On October 7, 1995, a Franklin County deputy sheriff observed the
defendant driving his car at night with only one headlamp working. Except for the
faulty headlamp, the defendant was driving his vehicle lawfully, was not speeding,
and was not driving erratically. The deputy stopped the defendant in order to warn
him about the headlamp. As the defendant exited his vehicle and met the officer,
the officer smelled beer on the defendant. The defendant admitted to drinking
“between eight and ten cups of beer.” The officer testified he asked the defendant
to perform a battery of field sobriety tests, but the officer was unable to recall the
results of any tests. A second officer arrived, and although he did not observe the
tests, he testified that the defendant’s speech was “sorta slurred” and the defendant
was “sorta unsteady on his feet.” However, the second officer testified he could
understand the defendant’s words, and the defendant was polite. The defendant
submitted to a blood test, the results of which were stipulated into evidence. The
test results showed the defendant’s blood-alcohol level was .10 percent. The
defendant testified that, prior to being stopped, he had attended a dinner where,
over a four-hour period, he drank “four or five cups of beer, but . . . may have said
eight to ten.” He testified he was not under the influence, and the officer never
informed him that he failed any of the field sobriety tests.
2 When an accused challenges the sufficiency of the convicting
evidence, this court must review the record to determine if the evidence adduced
at trial is sufficient “to support the finding by the trier of fact of guilt beyond a
reasonable doubt.” Tenn.
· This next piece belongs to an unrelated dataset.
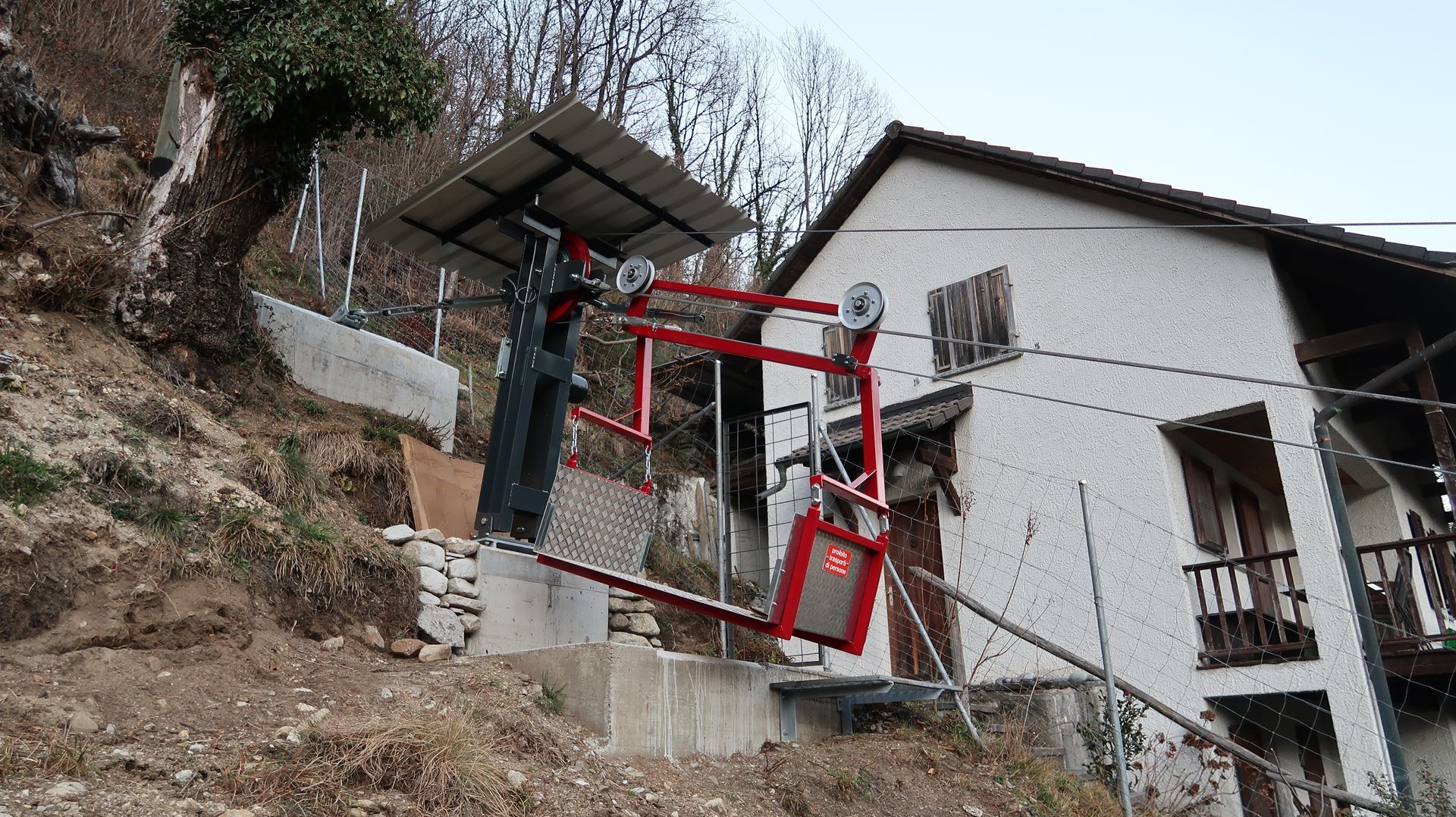 Una seggiovia rossa e nera su una collina accanto a una casa bianca con le persiane marroni.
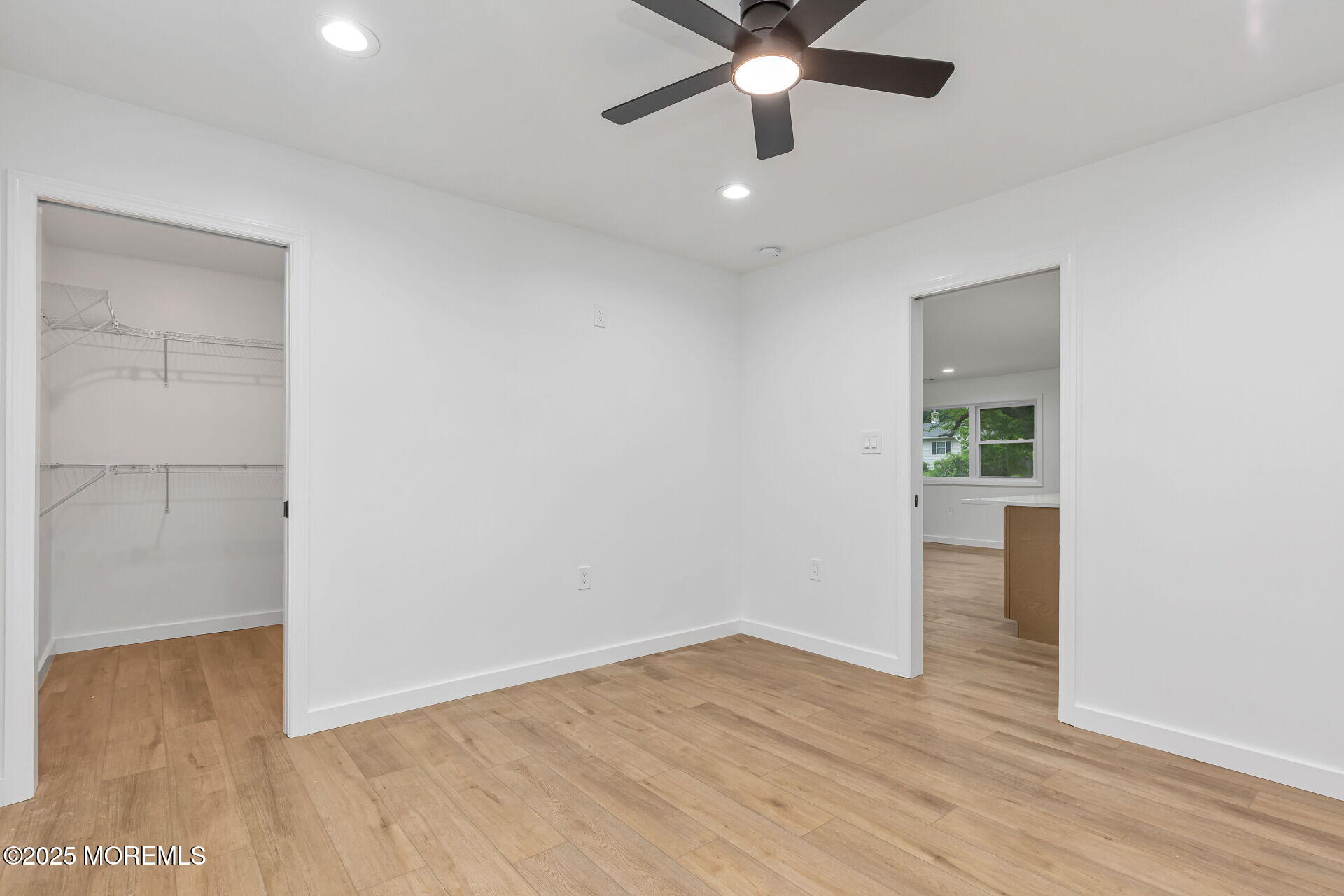 138 Stephan Road Brick, NJ 08724 - Photo 18 of 38 an empty room with wooden floor and windows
R. App. P. 13(e). This rule is applicable to findings of
guilt based upon direct evidence, circumstantial evidence, or a combination of direct
and circumstantial evidence. State v. Dykes, 803 S.W.2d 250, 253 (Tenn. Crim.
App. 1990).
In determining the sufficiency of the convicting evidence, this court
does not re-weigh or re-evaluate the evidence. State v. Matthews, 805 S.W.2d 776,
779 (Tenn. Crim. App. 1990). Nor may this court substitute its inferences for those
drawn by the trier of fact from circumstantial evidence. Liakas v. State, 199 Tenn.
298, 305, 286 S.W.2d 856, 859 (1956). To the contrary, this court is required to
afford the state the strongest legitimate view of the evidence contained in the record
as well as all reasonable and legitimate inferences which may be drawn from the
evidence. State v. Cabbage, 571 S.W.2d 832, 835 (Tenn. 1978).
Questions concerning the credibility of the witnesses, the weight and
value to be given the evidence, as well as all factual issues raised by the evidence
are resolved by the trier of fact, not this court. Id. at 835. In State v. Grace, 493
S.W.2d 474, 476 (Tenn. 1973), our supreme court said: “A guilty verdict by the jury,
approved by the trial judge, accredits the testimony of the witnesses for the State
and resolves all conflicts in favor of the theory of the state.”
Since a verdict of guilt removes the presumption of innocence and
replaces it with a presumption of guilt, the accused, as the appellant, has the
burden in this court of illustrating why the evidence is insufficient to support the
verdicts returned by the trier of fact. State v. Tuggle, 639 S.W.2d 913, 914 (Tenn.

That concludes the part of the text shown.